On finit par le remarquer : parmi les 27 poètes recensés dans cette anthologie, une seule femme, Sania Saleh, essentiellement présentée comme la belle-sœur d’Adonis et l’épouse de Mohammed al-Maghout et dont l’écriture est ainsi qualifiée par notre spécialiste : « le masochisme, la détresse et le sentiment de perte sous-tendent son œuvre ». Cette parcimonie dans le choix des voix féminines peut étonner de la part de qui a consacré son Master I à « La poésie arabe féminine après Nazik Al-Mala’ika » et son Master II au « corps dans la poésie arabe écrite par les femmes de 1960 à nos jours »… Sania Saleh aurait-elle vu juste quand elle écrivait juste avant son décès, survenu en 1985 :

Les chaussures viriles nous piétinent
alors que nous sommes déchirées,
quelle est la Dame qui soulèvera les ruines ?

De fait, on le regrette, le recueil ne laisse aucune place à la poésie syrienne féminine vivante.
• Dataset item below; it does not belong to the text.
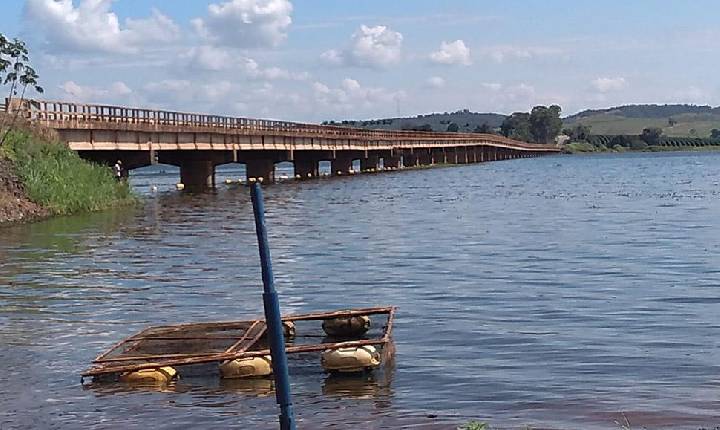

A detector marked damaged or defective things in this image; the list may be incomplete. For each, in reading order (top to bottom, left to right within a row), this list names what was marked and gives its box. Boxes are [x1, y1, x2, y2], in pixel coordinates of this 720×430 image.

rusty bridge railing [14, 99, 560, 151]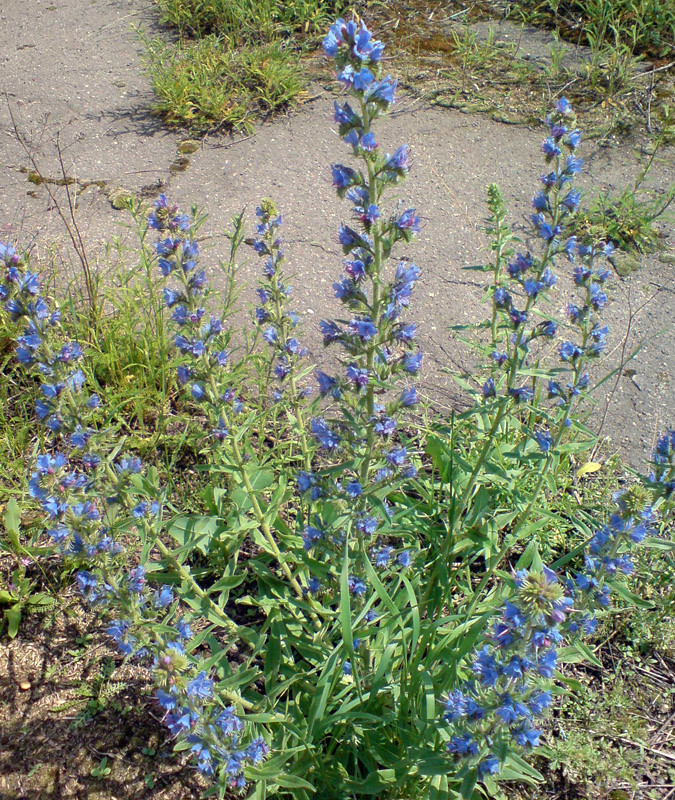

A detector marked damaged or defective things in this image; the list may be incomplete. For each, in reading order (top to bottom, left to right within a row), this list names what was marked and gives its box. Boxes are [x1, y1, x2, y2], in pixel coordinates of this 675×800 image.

Où est Fadwa Souleimane, qui nous a certes quittés l’été dernier, mais dont les poèmes d’À la pleine lune résonnent encore en nous ? Où sont donc Rasha Omran, Aïcha Arnaout, Maram al-Masri, Hala Mohhamad, Ghada al-Samman ?

De cette dernière, ces quelques vers :

Comment j’aurais pu
Supporter le poids sur ma poitrine
Des centaines de rues vides
Et des centaines de valises que j’ai portées sous la pluie et les exils
Si je ne serrais pas dans mes doigts
La carte de mon pays ?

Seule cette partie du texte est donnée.